__ASSIGNED TASK__:
Comb the records below for the string "Blue" and copy each line where it turns up.

__RAW DATA__:

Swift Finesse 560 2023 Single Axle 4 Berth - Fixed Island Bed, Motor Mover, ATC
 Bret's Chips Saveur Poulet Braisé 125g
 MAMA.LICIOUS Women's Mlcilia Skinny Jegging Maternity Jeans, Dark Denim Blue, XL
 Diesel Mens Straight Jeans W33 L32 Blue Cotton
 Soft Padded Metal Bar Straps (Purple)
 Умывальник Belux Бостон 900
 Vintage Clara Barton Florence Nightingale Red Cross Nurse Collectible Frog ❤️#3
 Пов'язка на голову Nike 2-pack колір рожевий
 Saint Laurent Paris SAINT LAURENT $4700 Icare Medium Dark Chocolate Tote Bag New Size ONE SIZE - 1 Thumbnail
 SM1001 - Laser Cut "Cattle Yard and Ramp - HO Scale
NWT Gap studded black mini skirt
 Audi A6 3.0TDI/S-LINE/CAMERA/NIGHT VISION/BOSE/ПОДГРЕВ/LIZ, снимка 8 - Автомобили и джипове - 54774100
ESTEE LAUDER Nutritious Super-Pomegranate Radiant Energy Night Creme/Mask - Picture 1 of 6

__TASK RESPONSE__:
 MAMA.LICIOUS Women's Mlcilia Skinny Jegging Maternity Jeans, Dark Denim Blue, XL
 Diesel Mens Straight Jeans W33 L32 Blue Cotton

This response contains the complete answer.